Signal 1 in T cell activation
The interaction between the Peptide-MHC complex on a dendritic cell and the TCR on a T cell.
Signal 2 in T cell activation
The co-stimulatory interaction between CD80/86 on the dendritic cell and CD28 on the T cell.
Signal 3 in T cell activation
The secretion of cytokines, such as IL−12 for Th1 differentiation, that influences T cell polarization.
Th1 subset
A T helper subset characterized by the master transcription factor Tbet, producing IFN−γ and IL−2 for cell-mediated immunity against intracellular pathogens.
Th2 subset
A T helper subset characterized by the master transcription factor Gata−3, producing IL−4, IL−5, and IL−13 for humoral immunity against helminths.
Th17 subset
A T helper subset characterized by the master transcription factor RORγt, producing IL−17A and IL−22 in response to extracellular bacteria and fungi.
Treg subset
Regulatory T cells characterized by the master transcription factor FoxP3, producing IL−10 and TGF−β for immune suppression and mucosal homeostasis.
Alternative macrophage activation
Activation of macrophages by IL−4 and IL−13 secreted by Th2 cells, primarily involved in tissue repair.
Major Basic Protein (MBP)
A toxic protein released by activated eosinophils to mediate the killing of helminths.
Eosinophil Cationic Protein (ECP)
A protein release by eosinophils via FcR-mediated activation to help destroy helminthic parasites.
Tuft cell
A specialized epithelial cell in the small intestine that identifies helminths (via succinate and SUCNR1) and produces IL−25 to activate ILC2s.
ILC2 (Group 2 Innate Lymphoid Cells)
Innate lymphoid cells that respond to IL−25, IL−33, and TSLP to produce IL−5 and IL−13 for helminth defense and allergic inflammation.
Goblet cell hyperplasia
An increase in mucus-producing goblet cells in the intestinal epithelium, induced by IL−13 during a helminth infection.

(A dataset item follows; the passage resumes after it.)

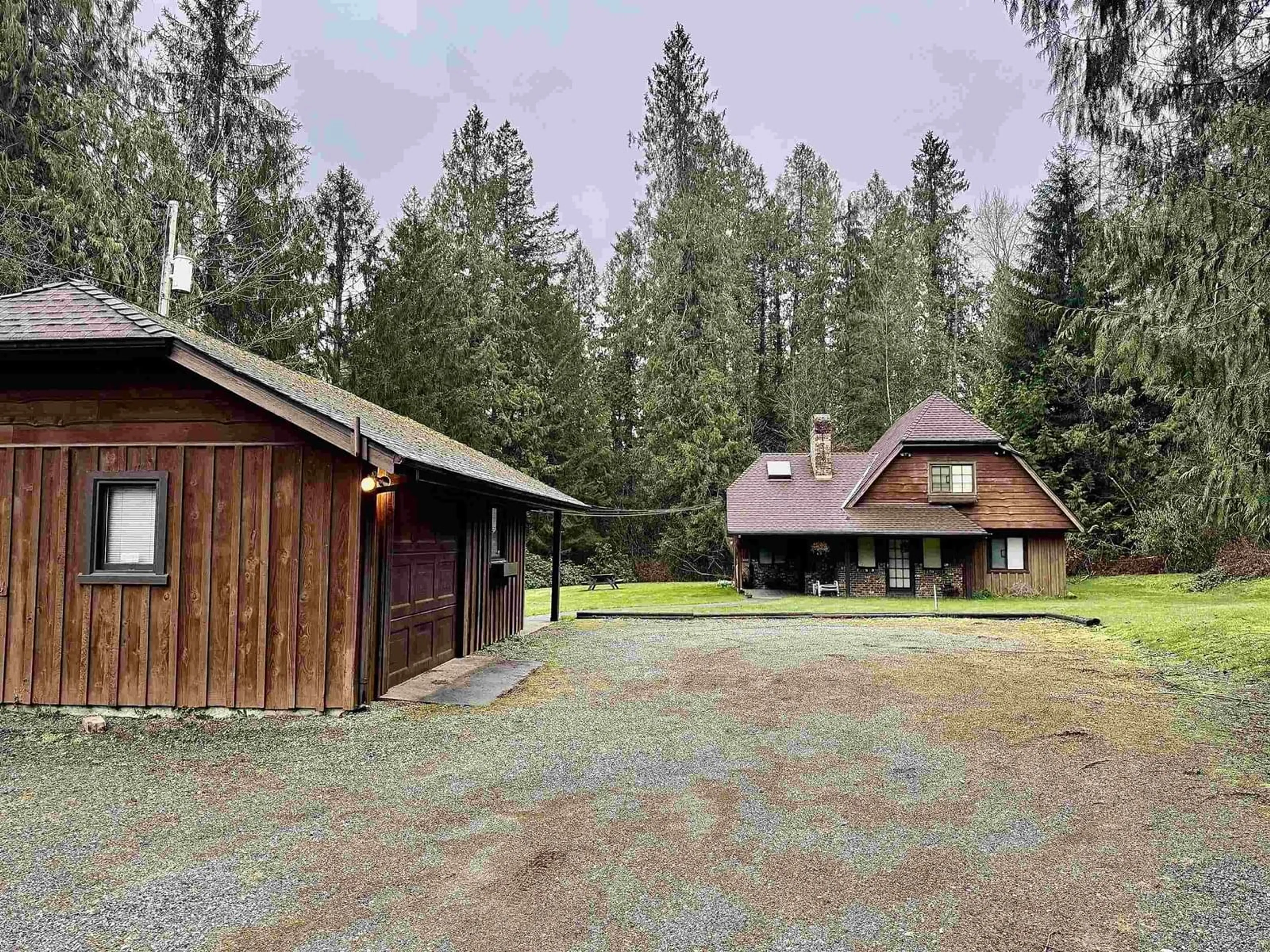 A pic from outside/outdoor area/front of a property/back of a property/a pic from drone, unknown for 29933 ANDERSON, Mission British Columbia V4S1H9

Basophils in helminth response
Cells that produce IL−4 and respond to IL−33 and TSLP to support the differentiation of Th2 cells and B cell IgE production.
M cells
Specialized cells in the Gut-Associated Lymphoid Tissue (GALT) that deliver bacteria and antigens from the intestinal lumen to dendritic cells and Peyer's patches.
Granulomatous Reaction
A chronic inflammatory response, such as that seen in Schistosoma mansoni infection, which can lead to severe fibrosis and cirrhosis.
Epileptogenesis in Helminth Infection
The development of epilepsy as a pathology of neurocysticercosis, caused by inflammation, calcification, and perilesional edema.
Carcinogenesis associated with Helminths
The development of cancers such as cholangiocarcinoma (bile duct cancer), bladder cancer, or hepatocarcinoma due to helminthic infection.